A J Frost:
1 This is an income tax appeal in respect of the appellant's 1969 and 1970 taxation years.
2 The appellant company was incorporated to carry on business in the Province of Saskatchewan. On March 28, 1969, O J McNeill and others signed an agreement with Saskatoon Drug & Stationery Company Limited whereby McNeill (the Vendor) sold to the Saskatoon Drug & Stationery Company (the Purchaser) 7 drug stores, as going concerns.

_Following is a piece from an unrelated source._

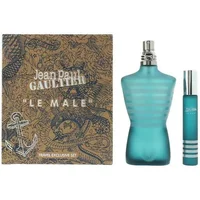 Jean Paul Gaultier Le Male gift set with turquoise torso-shaped bottle and matching travel spray.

The sale included “all the undertakings, (leasehold interests and the right to enter into leases as set forth in the agreement), and assets belonging to or used in connection with the said businesses of the Vendor, as a going concern”. A further specification of the object of the sale indicated that without limiting the generality of the said description, the following was included:(a) the goodwill of said businesses, together with the exclusive right of the purchaser to use the trade name under which the stores were known to the public,
(b) the inventory of stock-in-trade owned by the vendor, and
(c) the fixed assets, like furniture and fixtures, etc, used in connection with the businesses.
3 For all the assets mentioned under (a) a price of $290,000 was agreed upon. The price paid for the other assets is not relevant for the present appeal. Three of the 7 stores were transferred to former employees who had worked in those stores and one was sold within a period of 9 months.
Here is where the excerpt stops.